Note to self - How to publish packages on PyPI

Created at 2016-01-20 by Stefan Otte. Updated at 2024-01-26.

Update 2024: The information in this article is out of date. Just use poetry (or other modern tools). That being said, it's quite interesting to see how the python packaging system has evolved over time.

One of the least favorite things about python is package and release management. Even though it's getting better, there is still room for improvement. There are guides of how to publish package on PyPI out there, but many are out of date and/or recommend methods that leak your password (DON'T use setup.py upload or setup.py register!).

This guide is mostly for myself because I tend to forget things, but maybe it's useful for someone else. The authoritative source, and everybody should know about it, is python packaging. It's a bit lengthy but really good.

Goal

The goal is to release an already existing package (which works with python 2&3 and does not include any compiled stuff) on PyPI as source distribution and as universal wheel so it's easy to pip install.

Tools

The tools we're going to be using:

  • use setuptools in your setup.py,
  • use pip for installing,
  • use wheels to generate binary universal wheel_, and
  • use twine to upload the packages to PyPI (twine uses an encrypted connection whereas setup.py upload leaks your password).

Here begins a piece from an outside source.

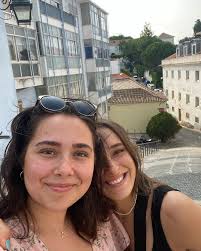 Sara Vecchio (@sara_vecchio24) • Instagram photos and videos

See packaging tools for more details.

Preperation: Create accounts

Even if you only want to publish your package on PyPI you should have accounts on PyPITest (for testing purposes) and PyPI (for the real thing). Create accounts on both platforms. Work with PyPITest until you have the workflow down. Then actually release your package on PyPI.

After you registered on PyPI and PyPITest you should create a file ~/.pypirc and add your credentials:

# .pypirc
[distutils]
index-servers=
    pypi
    pypitest

[pypitest]
repository=https://testpypi.python.org/pypi
username=<your user name goes here>
password=<your password goes here>

[pypi]
repository=https://pypi.python.org/pypi
username=<your user name goes here>
password=<your password goes here>

Your Package Should Have

... a setup.py file, a setup.cfg file, and a README.rst file (and a bunch of python code that actually does something).

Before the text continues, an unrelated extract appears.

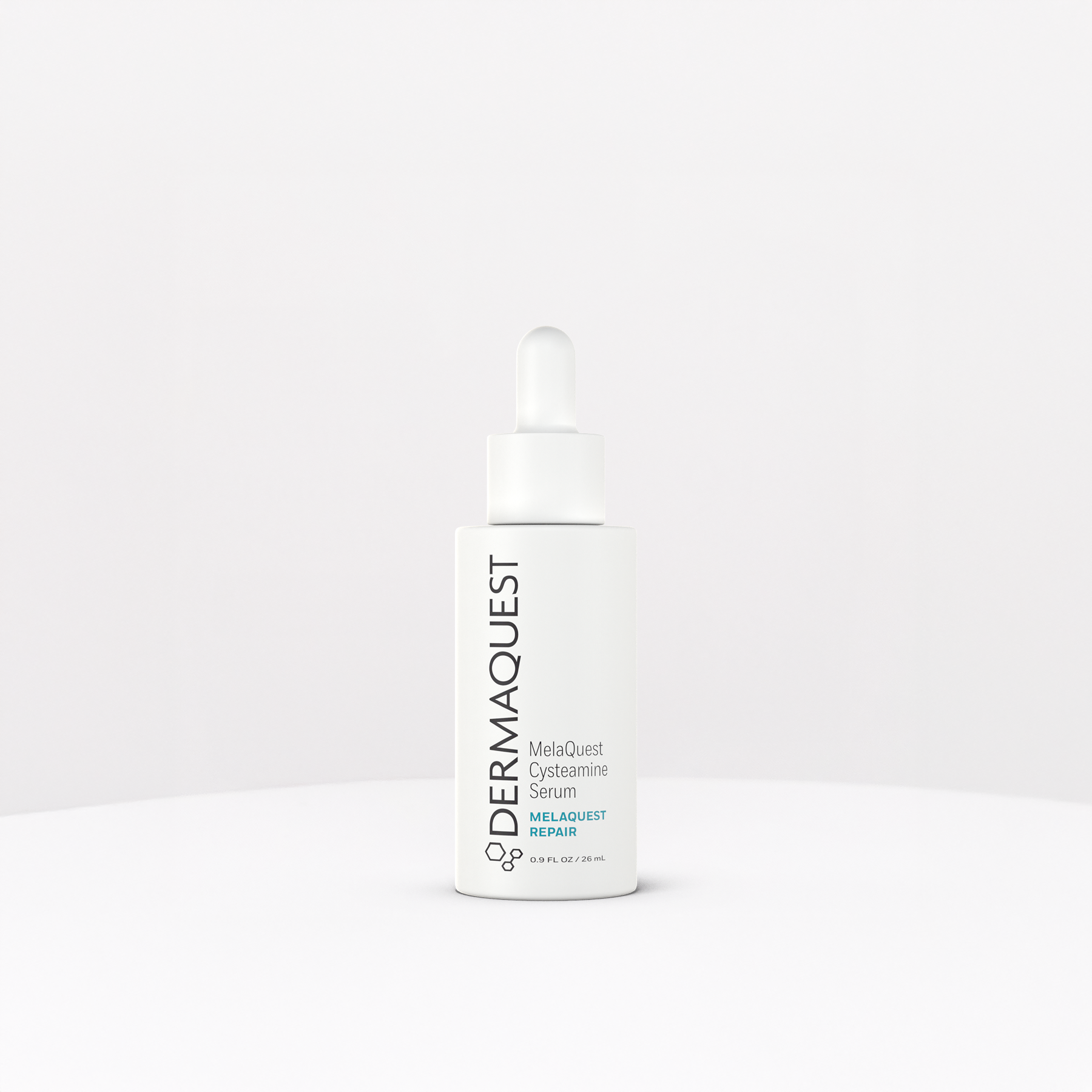 MelaQuest Cysteamine Serum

How to structure your setup.py is described here.

The setup.cfg is needed to create a universal wheels and should look like this:

# setup.cfg
[bdist_wheel]
# univesal wheel
universal=1

I use README.rst because PyPI recognizes the rst format and I can reuse the README.rst with sphinx.

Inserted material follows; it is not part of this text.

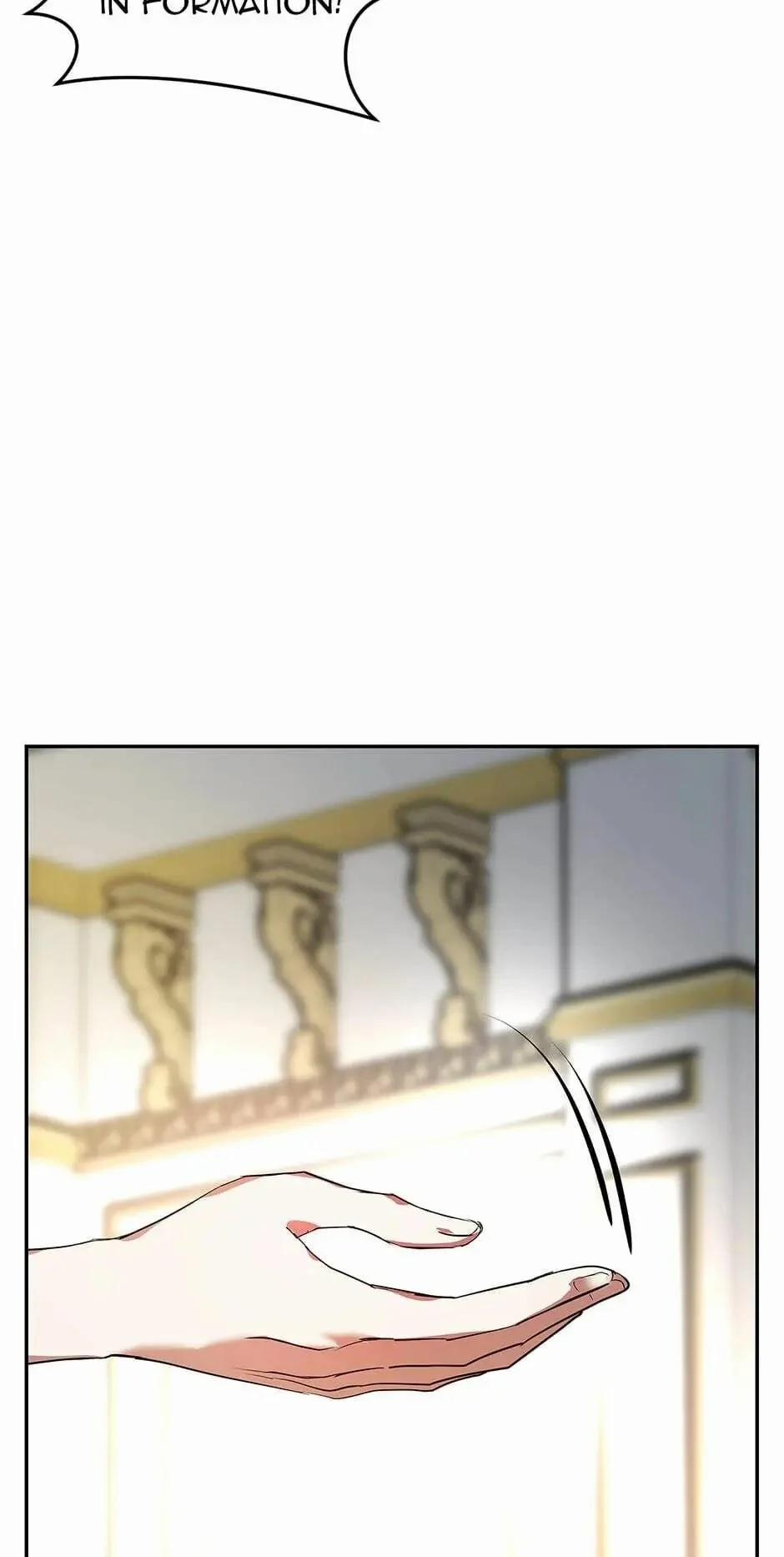 Nhan Sắc Bí Ẩn Của Chồng Tôi 16 trang 62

Steps to upload to PyPI(Test)

Given a proper setup package your can build the package:

# create a source distribution
python setup.py sdist
# create a universal wheel for
# (py2&3 without any ompiled stuff)
python setup.py bdist_wheel --universal

If the package is not on PyPI yet you have to register it first. Register your package on PyPI by uploading the PKG-INFO from myproject.egg-info/PKG-INFO via the PyPITest web form or the PyPI web form. DON'T use python setup.py register because it leaks your password!

Then upload it to PyPITest:

twine upload --repository pypitest dist/*

or PyPI:

twine upload --repository pypi dist/*

Conclusion

Congratulations, you're done! Once you know what to do it's not that hard :)

I think it's a pain that default tools leak your password and you're forced to upload PKG PKG-INFO via a web form and install twine to upload the packages. Hopefully that changes at some point...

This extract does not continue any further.